Today Greenspan decided to clarify what he was getting at in the book and suddenly the hype over the weekend is looking a little silly:
Alan Greenspan, the former Federal Reserve chairman, said in an interview that the removal of Saddam Hussein had been "essential" to secure world oil supplies, a point he emphasized to the White House in private conversations before the 2003 invasion of Iraq.
Greenspan, who was the country's top voice on monetary policy at the time Bush decided to go to war in Iraq, has refrained from extensive public comment on it until now, but he made the striking comment in a new memoir out today that "the Iraq War is largely about oil." In the interview, he clarified that sentence in his 531-page book, saying that while securing global oil supplies was "not the administration's motive," he had presented the White House with the case for why removing Hussein was important for the global economy.
"I was not saying that that's the administration's motive," Greenspan said in an interview Saturday, "I'm just saying that if somebody asked me, 'Are we fortunate in taking out Saddam?' I would say it was essential."

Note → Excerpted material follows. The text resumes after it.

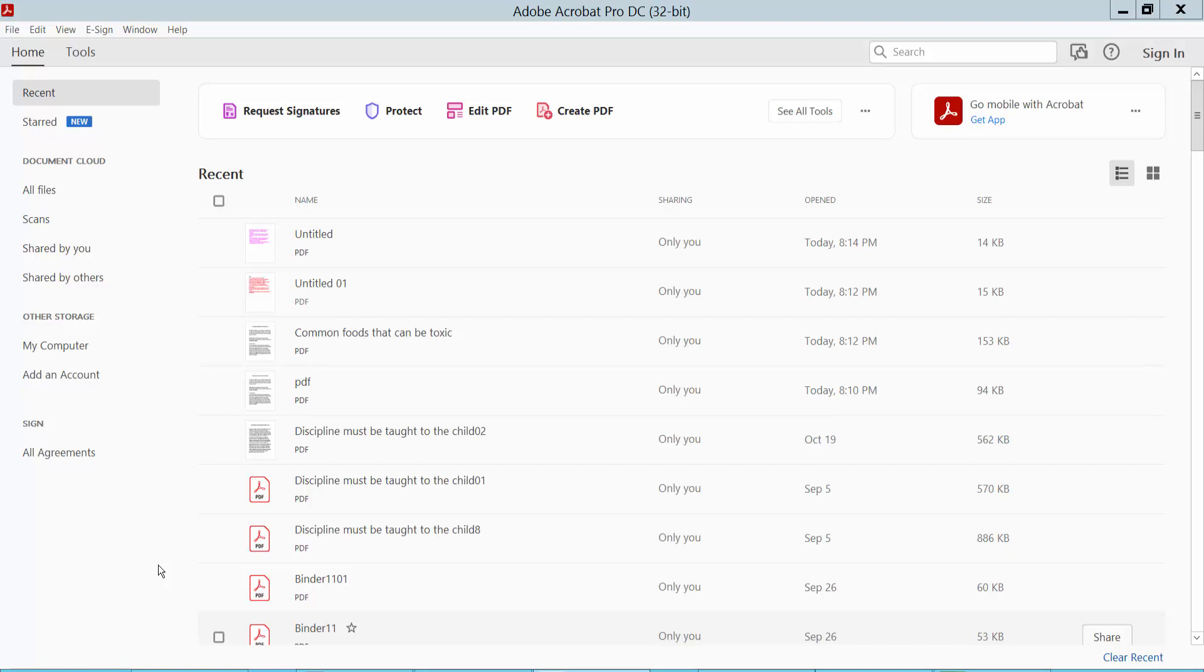Hello everyone, today I'll show you how to insert pages into a PDF file using Adobe Acrobat Pro DC. Firstly, open your PDF file.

As we know from many past occasions, the fastest way to promote your new book is to be critical of Bush, and Greenspan certainly seems to have given the press plenty of reason to run with that, but I have a feeling some of those criticisms of his former boss will be blunted as he goes on the road to promote the book. I think the oil comment and subsequent uproar were a little embarrassing to him, and he may want to walk back some of the other comments as well.